Con l'urbanizzazione, il cugino orientale avanza inesorabilmente trovando spazi nei territori dei ratti neri, e nel Medioevo inizia a diventare padrone delle città. Lo avvantaggiano la maggiore adattabilità agli ambienti degradati, la forza fisica superiore, l'aggressività, la vita sociale e la possibilità di mangiare tutto, ma proprio tutto.

Se quindi il ratto nero e il topo domestico si potevano nutrire soprattutto dei prodotti alimentari dell'uomo, il cugino orientale fece banchetto dei suoi rifiuti, particolarmente nei luoghi umidi e malsani. Così mentre il ratto delle chiaviche elesse a suo territorio soprattutto le zone cittadine maggiormente degradate (le fogne), al ratto nero non rimase che rifugiarsi nelle campagne (anche se in comproprietà) e nelle aree verdi degli ambienti urbani.

ratto delle chiaviche

ratto delle chiaviche

I ratti delle chiaviche ormai non possono più essere considerati dei "parassiti" dell'uomo, ma veri e propri invasori capaci di adattarsi alle condizioni più disperate, anche quelle che l'uomo fugge. Proprio perché legati ad un ambiente degradato, i ratti e i topi ospitano numerosi microrganismi (protozoi, virus, batteri, funghi), molti dei quali portatori di gravi malattie ed infezioni nell'uomo e negli altri animali.

Ma per fortuna in Caffarella c'è ancora chi riesce, almeno in parte, a "controllare" i roditori. Sono i loro nemici naturali che, risparmiati dalla caccia e da altre forme di persecuzione, trovano nella valle un'ottima fonte di cibo: volpi, rettili, rapaci diurni e notturni hanno la loro massima fonte di alimentazione proprio nei ratti e nei topi. Purtroppo spesso l'uomo non apprezza questo prezioso lavoro e stermina questi animali per i più diversi e futili motivi: paura (rettili), superstizione (rapaci notturni), presunta nocività (volpe e rapaci diurni). E così ancora una volta a danno si aggiunge danno: rifiuti, quindi ratti e topi; uccisione dei predatori, aumento di ratti e topi e delle malattie e infezioni che trasmettono.

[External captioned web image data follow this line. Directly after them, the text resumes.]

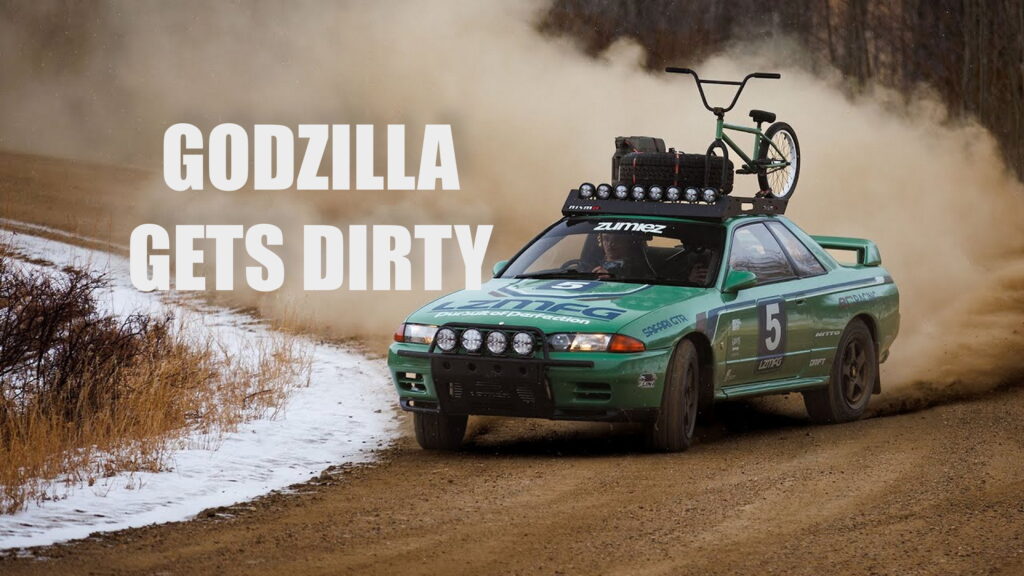  The Safari GT-R Kicks Up Dirt And Snow In Colorado
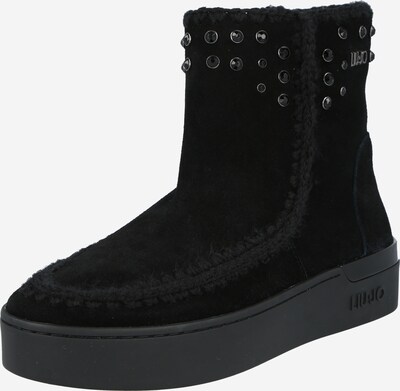 Liu Jo Bottines 'SILVIA' en noir, Vue avec produit
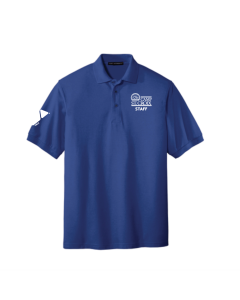 Camp St. Croix Staff Polo - Port Authority K500 Royal
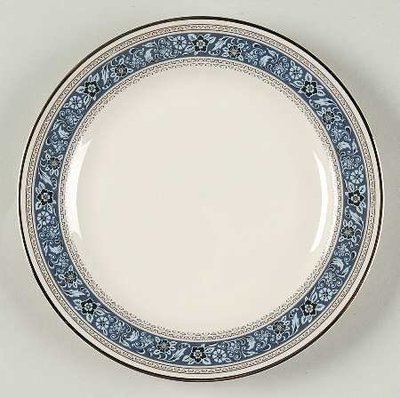 Pickard China, Bread & Butter Plate, Overture Pattern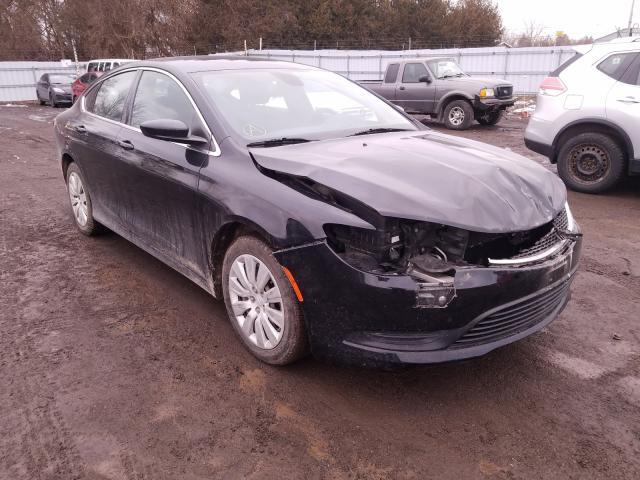 CHRYSLER 200 LX 2015 1c3cccfb4fn668446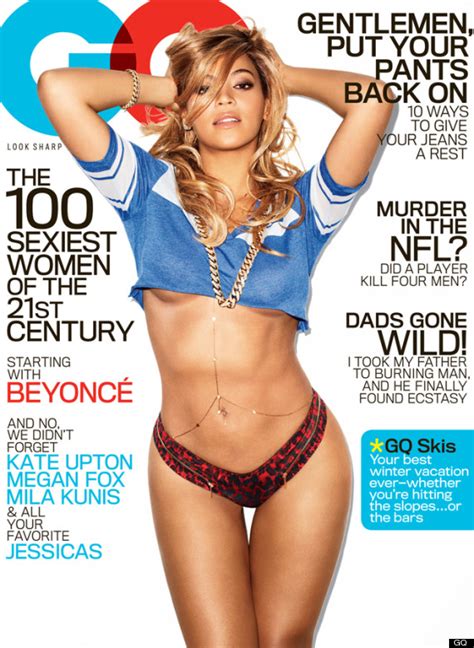 Beyonce Gq Cover Singer Shows Major Skin On Magazine Cover Updated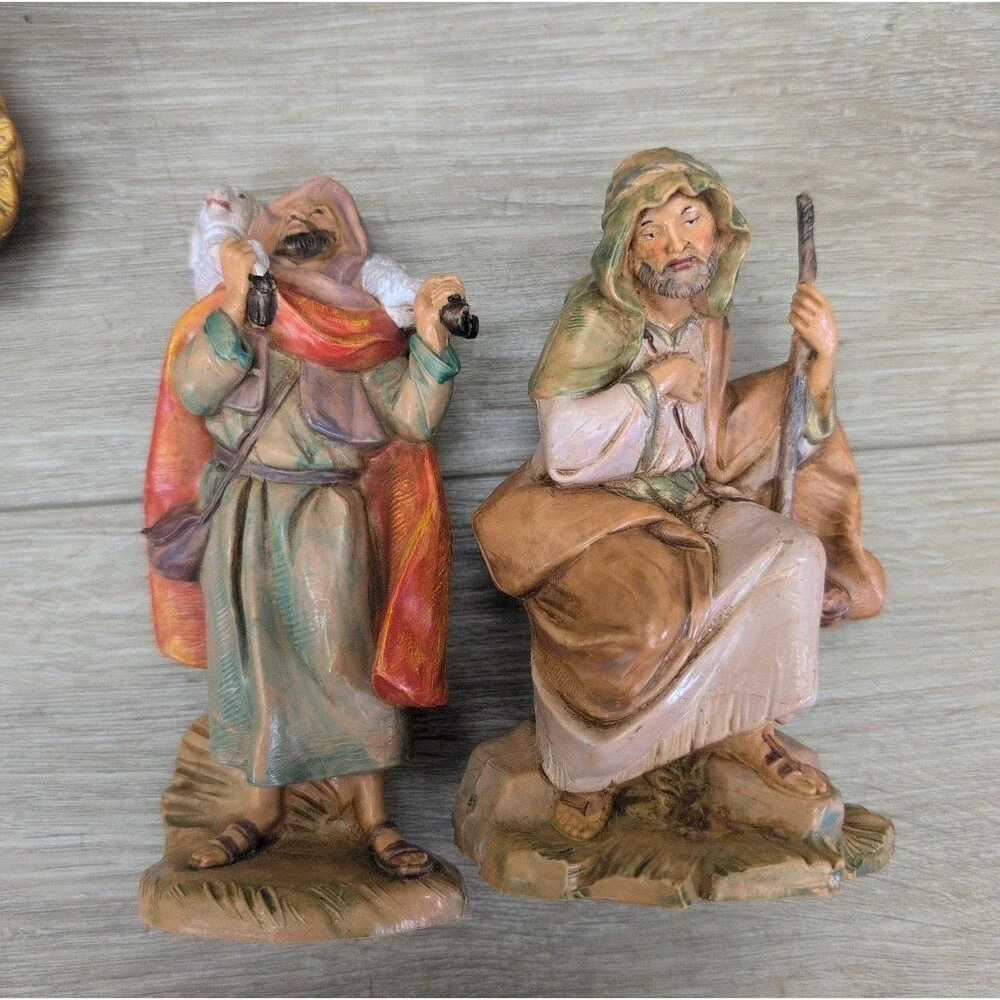 Vintage Fontanini Nativity Scene 5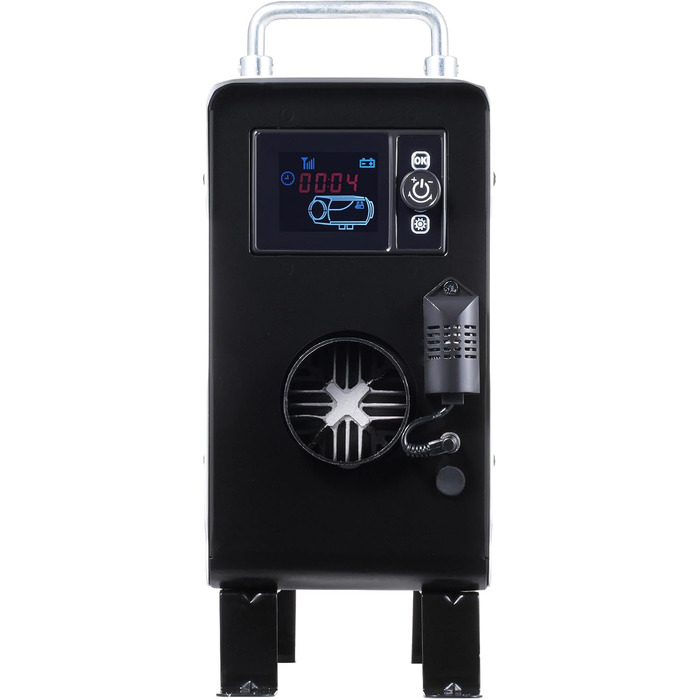 Дизельний обігрівач VEVOR 8 кВт 12/24 В з пультом керування та LCD-дисплеєм, 4,5 л бак, для вантажівок та автодому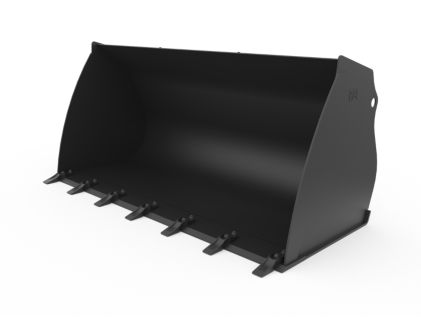 1.35 m3 (1.77 yd3), HPL-A Coupler, Bolt-On Teeth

Se dal boschetto di pioppi risaliamo il fiume, facciamo attenzione. Potremmo infatti vedere il gruccione (Merops apiaster), un uccello di medie dimensioni (30 cm) dai colori vivissimi, che costruisce il nido scavandolo nella terra. Proveniente dall'Africa, il gruccione è presente in primavera-estate; recentemente è stata accertata la nidificazione anche in Caffarella.


gruccione

Guardiamo perciò anche dove mettiamo i piedi; all'altezza di un vecchio pioppo, che sembra sorvegliare gli alberelli piantati dagli alunni della scuola media Lewis Carroll nel 1993, il sentiero attraversa il ruscello per mezzo di un ponticello completamente soffocato dall'erba.

Sulla sponda destra si riconoscono i lavori idraulici condotti dai Torlonia nel XIX secolo, tra i quali si vede una "bocca a stramazzo", che consentiva di misurare e di regolare il flusso dell'acqua; due guide poi dovevano servire a sbarrare il ruscello tramite una saracinesca, quando bisognava allagare la valle per scopi agricoli.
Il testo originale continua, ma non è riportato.